Given a sentence in the source language, we look up the word embeddings from an embeddings matrix, yielding \(x_1,\cdots,x_m | x_i \in \mathbb{R}^{e x 1}\), where m is the length of the source sentence and e is the embedding size. We feed these embeddings to the bidirectional Encoder, yielding hidden states and cell states for both the forwards (->) and backwards (<-) LSTMs. The forwards and backwards versions are concatenated to give hidden states \(h_i^{enc}\) and cell states \(c_i^{enc}\)

\[ \begin{align} & h_i^{enc} = \left [ \overleftarrow{h_i^{enc}}; \overrightarrow{h_i^{enc}} \right ] \qquad \text{where} \qquad h_i^{enc} \in \mathbb{R}^{2h x 1}, \overleftarrow{h_i^{enc}}, \overrightarrow{h_i^{enc}} \in \mathbb{R}^{h x 1} \qquad 1 \leq i \leq m \\ & c_i^{enc} = \left [ \overleftarrow{c_i^{enc}}; \overrightarrow{c_i^{enc}} \right ] \qquad \text{where} \qquad c_i^{enc} \in \mathbb{R}^{2h x 1}, \overleftarrow{c_i^{enc}}, \overrightarrow{c_i^{enc}} \in \mathbb{R}^{h x 1} \qquad 1 \leq i \leq m \\ \end{align} \]

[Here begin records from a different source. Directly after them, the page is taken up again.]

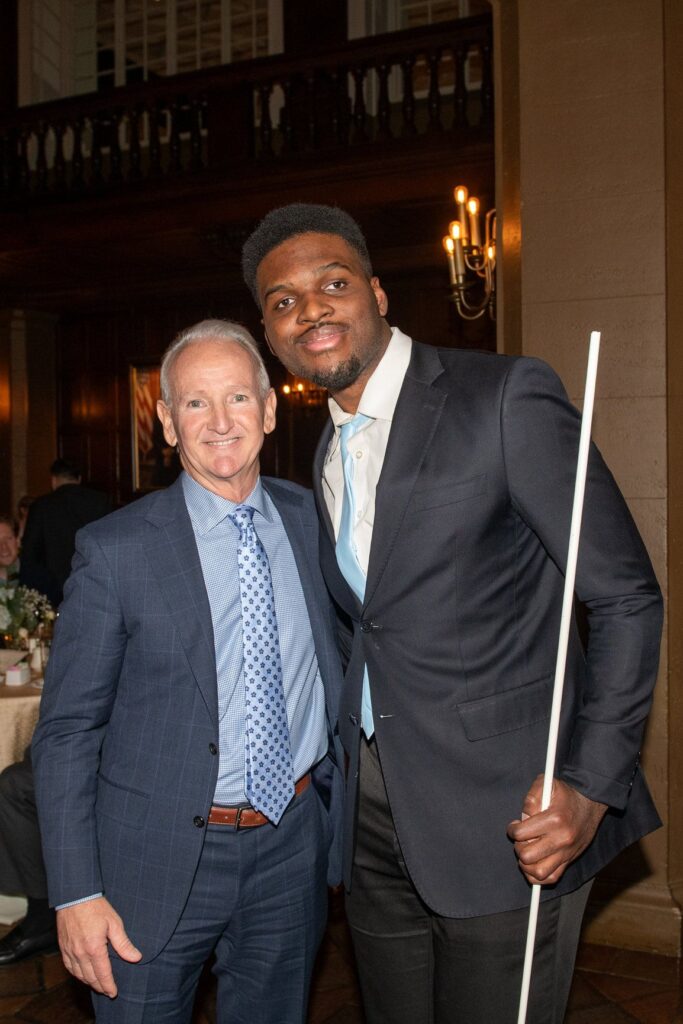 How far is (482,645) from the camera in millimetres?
1645

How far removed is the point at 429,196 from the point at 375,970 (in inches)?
270

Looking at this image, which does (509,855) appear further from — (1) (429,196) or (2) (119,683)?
(1) (429,196)

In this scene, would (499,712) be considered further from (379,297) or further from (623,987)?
(623,987)

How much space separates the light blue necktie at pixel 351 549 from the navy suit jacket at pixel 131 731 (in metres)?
0.28

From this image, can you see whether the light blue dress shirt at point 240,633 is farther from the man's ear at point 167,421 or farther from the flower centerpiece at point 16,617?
the flower centerpiece at point 16,617

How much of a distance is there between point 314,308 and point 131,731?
2.89 ft

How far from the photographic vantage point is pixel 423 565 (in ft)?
5.40

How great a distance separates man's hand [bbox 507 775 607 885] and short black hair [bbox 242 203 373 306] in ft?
3.49

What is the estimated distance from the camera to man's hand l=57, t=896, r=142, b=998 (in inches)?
67.3

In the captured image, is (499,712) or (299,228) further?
(299,228)

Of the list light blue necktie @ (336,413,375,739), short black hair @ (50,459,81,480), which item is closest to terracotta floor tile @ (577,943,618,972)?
Result: light blue necktie @ (336,413,375,739)

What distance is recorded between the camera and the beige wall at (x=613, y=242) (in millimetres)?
3109

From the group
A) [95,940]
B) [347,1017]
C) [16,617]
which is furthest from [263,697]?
[16,617]

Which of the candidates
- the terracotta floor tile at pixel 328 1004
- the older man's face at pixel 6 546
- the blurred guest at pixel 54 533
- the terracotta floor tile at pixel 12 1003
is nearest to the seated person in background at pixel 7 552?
the older man's face at pixel 6 546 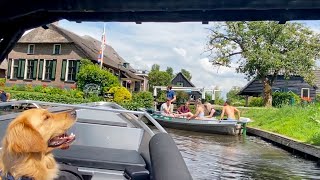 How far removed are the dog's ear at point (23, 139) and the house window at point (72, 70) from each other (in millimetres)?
41281

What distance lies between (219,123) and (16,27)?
1282 cm

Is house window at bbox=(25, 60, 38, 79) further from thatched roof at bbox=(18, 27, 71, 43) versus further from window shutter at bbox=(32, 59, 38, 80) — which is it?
thatched roof at bbox=(18, 27, 71, 43)

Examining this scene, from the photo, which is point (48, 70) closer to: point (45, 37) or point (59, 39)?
point (59, 39)

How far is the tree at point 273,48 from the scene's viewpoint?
123ft

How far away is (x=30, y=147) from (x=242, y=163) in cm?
937

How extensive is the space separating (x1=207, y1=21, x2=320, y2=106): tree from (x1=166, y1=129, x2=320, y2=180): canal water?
23.2m

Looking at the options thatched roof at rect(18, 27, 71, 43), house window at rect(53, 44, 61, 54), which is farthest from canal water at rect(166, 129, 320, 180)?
thatched roof at rect(18, 27, 71, 43)

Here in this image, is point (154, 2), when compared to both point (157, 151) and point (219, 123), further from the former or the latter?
point (219, 123)

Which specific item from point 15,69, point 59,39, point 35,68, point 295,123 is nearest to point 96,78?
point 59,39

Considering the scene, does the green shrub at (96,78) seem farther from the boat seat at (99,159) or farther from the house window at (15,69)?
the boat seat at (99,159)

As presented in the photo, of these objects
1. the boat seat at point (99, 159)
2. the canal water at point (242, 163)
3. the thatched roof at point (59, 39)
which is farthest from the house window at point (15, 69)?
the boat seat at point (99, 159)

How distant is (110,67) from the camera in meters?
47.6

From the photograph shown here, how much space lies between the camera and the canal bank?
1232 centimetres

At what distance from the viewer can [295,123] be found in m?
18.5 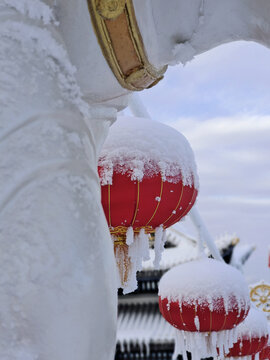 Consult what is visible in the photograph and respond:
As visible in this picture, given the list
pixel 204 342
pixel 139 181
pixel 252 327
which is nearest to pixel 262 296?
pixel 252 327

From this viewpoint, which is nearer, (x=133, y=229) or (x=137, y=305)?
(x=133, y=229)

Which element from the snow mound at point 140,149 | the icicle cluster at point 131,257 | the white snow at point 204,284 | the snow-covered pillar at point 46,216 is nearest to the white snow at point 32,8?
the snow-covered pillar at point 46,216

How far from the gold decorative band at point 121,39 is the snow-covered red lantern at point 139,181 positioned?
0.79m

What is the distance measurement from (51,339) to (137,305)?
6238 mm

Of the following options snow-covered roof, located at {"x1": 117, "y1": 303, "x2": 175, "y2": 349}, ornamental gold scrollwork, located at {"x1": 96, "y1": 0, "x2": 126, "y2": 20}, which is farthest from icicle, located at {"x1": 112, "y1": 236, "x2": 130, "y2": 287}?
snow-covered roof, located at {"x1": 117, "y1": 303, "x2": 175, "y2": 349}

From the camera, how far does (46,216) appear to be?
590mm

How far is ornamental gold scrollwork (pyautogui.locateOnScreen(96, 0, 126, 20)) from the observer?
0.66 metres

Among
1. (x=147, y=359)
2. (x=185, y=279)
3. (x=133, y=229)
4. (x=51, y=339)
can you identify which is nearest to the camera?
(x=51, y=339)

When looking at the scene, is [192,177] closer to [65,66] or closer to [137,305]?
[65,66]

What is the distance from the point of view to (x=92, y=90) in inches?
28.2

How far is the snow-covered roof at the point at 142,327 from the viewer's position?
19.5 feet

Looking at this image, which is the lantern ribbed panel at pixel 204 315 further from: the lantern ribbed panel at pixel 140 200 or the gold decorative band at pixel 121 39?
the gold decorative band at pixel 121 39

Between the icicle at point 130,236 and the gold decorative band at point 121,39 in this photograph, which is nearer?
the gold decorative band at point 121,39

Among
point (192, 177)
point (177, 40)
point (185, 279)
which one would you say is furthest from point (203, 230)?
point (177, 40) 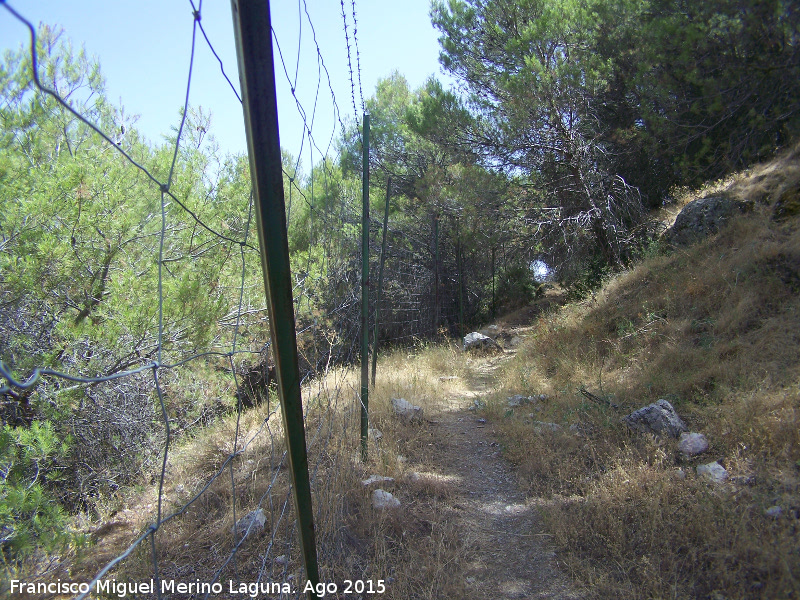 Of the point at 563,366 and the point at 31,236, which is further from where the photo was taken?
the point at 563,366

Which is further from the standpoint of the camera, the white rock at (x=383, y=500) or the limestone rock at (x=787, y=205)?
the limestone rock at (x=787, y=205)

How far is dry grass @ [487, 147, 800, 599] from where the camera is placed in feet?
7.81

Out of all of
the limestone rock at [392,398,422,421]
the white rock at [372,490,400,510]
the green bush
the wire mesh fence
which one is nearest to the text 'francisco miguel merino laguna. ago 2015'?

We then initialize the Decoder’s first hidden state \(h_0^{dec}\) and cell state \(c_0^{dec}\) with a linear projection of the Encoder’s final hidden state and final cell state

\[ \begin{align} & h_0^{dec} = W_h \left [ \overleftarrow{h_1^{enc}}; \overrightarrow{h_m^{enc}} \right ] \qquad \text{where} \qquad h_0^{dec} \in \mathbb{R}^{h x 1}, W_h \in \mathbb{R}^{h x 2h} \\ & c_0^{dec} = W_h \left [ \overleftarrow{c_1^{enc}}; \overrightarrow{c_m^{enc}} \right ] \qquad \text{where} \qquad c_0^{dec} \in \mathbb{R}^{h x 1}, W_c \in \mathbb{R}^{h x 2h} \\ \end{align} \]

def encode(self, source_padded: torch.Tensor, source_lengths: List[int]) -> Tuple[torch.Tensor, Tuple[torch.Tensor, torch.Tensor]]:
        """ Apply the encoder to source sentences to obtain encoder hidden states.
            Additionally, take the final states of the encoder and project them to obtain initial states for decoder.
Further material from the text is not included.